● YOUR TASK
What is needed is an exact repeat of the lines from the one holding "Couple moving into a freshly cleaned home" through the final line of the data, with no pictures.

● THE DATA
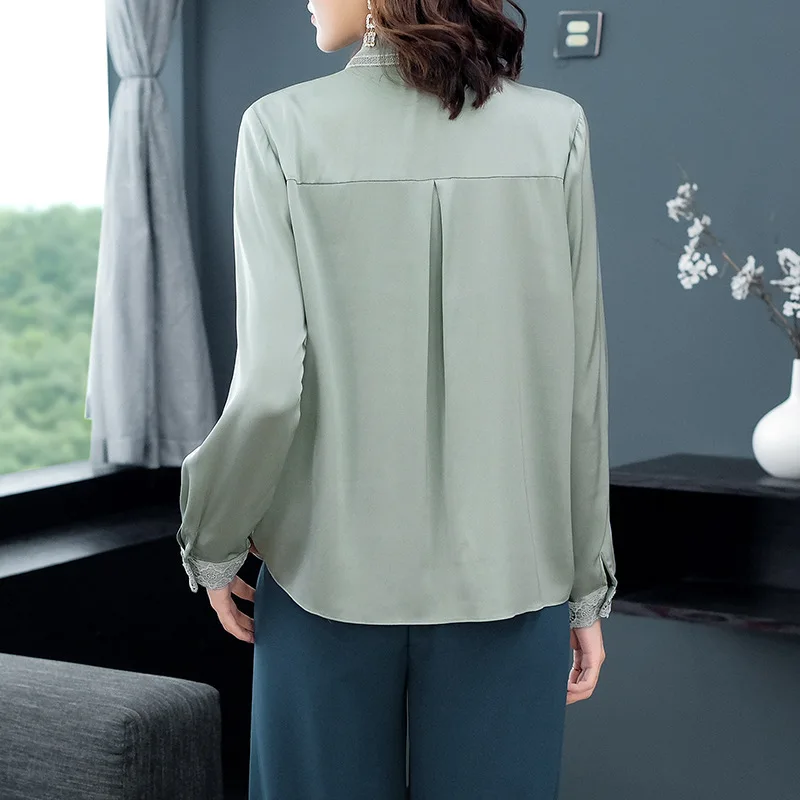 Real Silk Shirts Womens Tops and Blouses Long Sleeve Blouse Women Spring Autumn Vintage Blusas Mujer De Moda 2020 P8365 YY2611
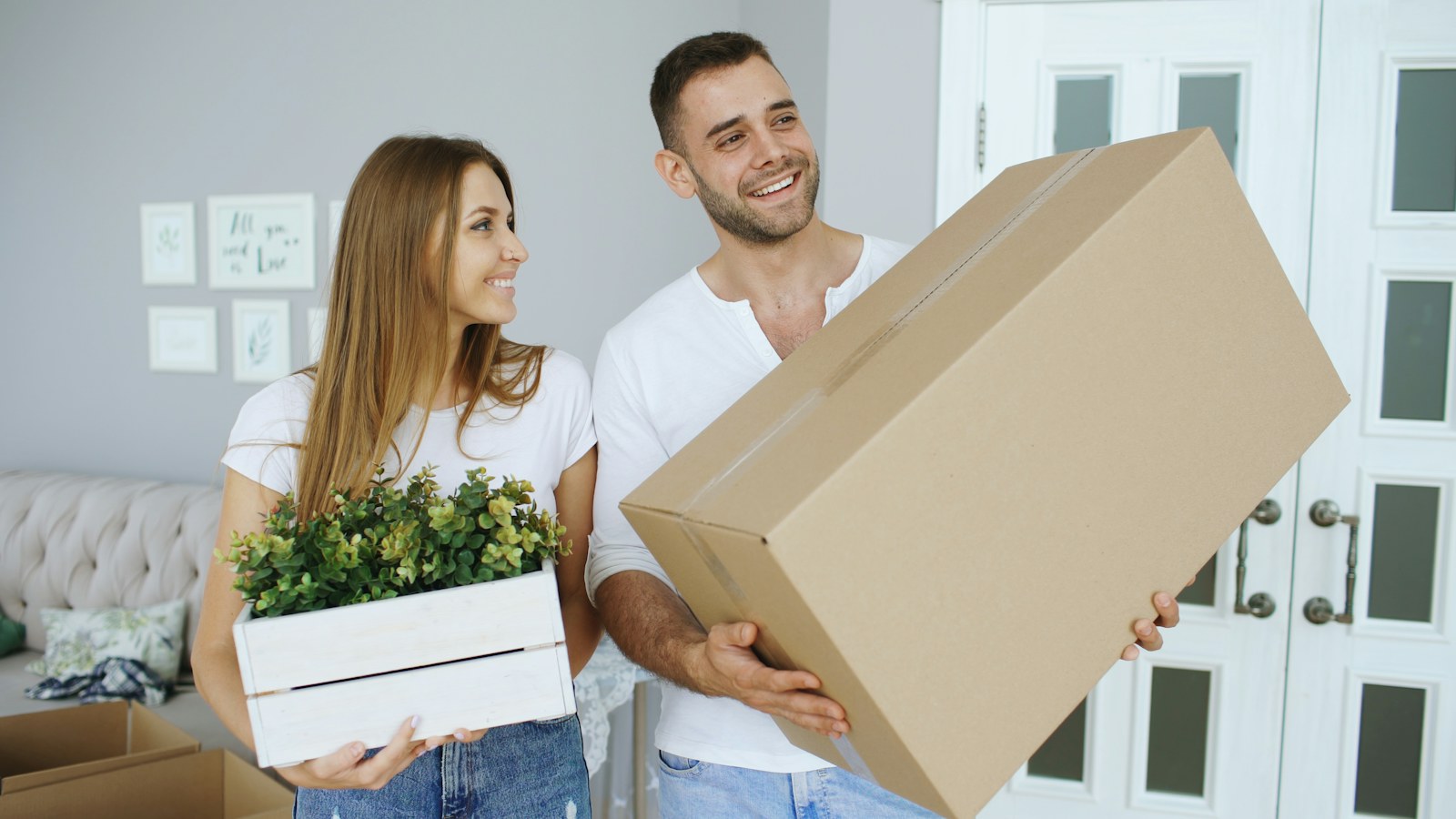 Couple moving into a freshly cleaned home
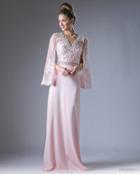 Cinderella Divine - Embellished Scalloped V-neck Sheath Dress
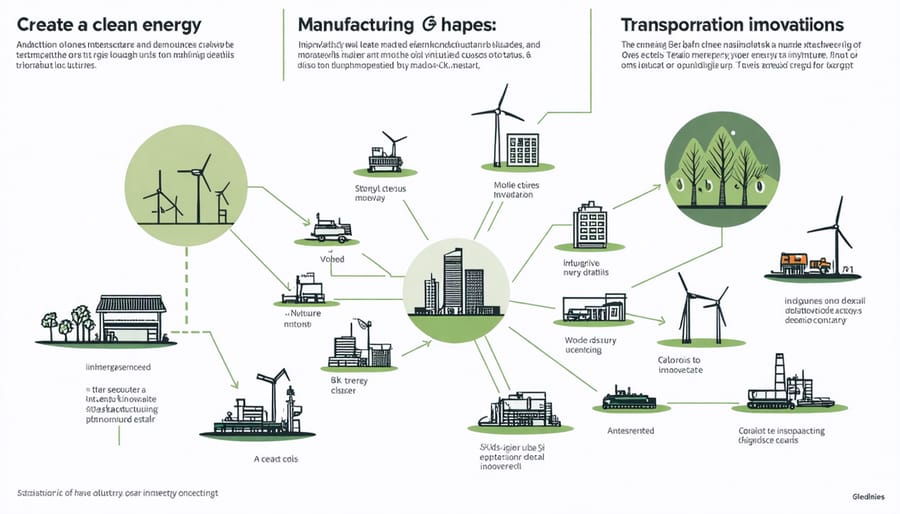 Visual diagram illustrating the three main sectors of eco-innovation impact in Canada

● ANSWER SECTION
 Couple moving into a freshly cleaned home
 Cinderella Divine - Embellished Scalloped V-neck Sheath Dress
 Visual diagram illustrating the three main sectors of eco-innovation impact in Canada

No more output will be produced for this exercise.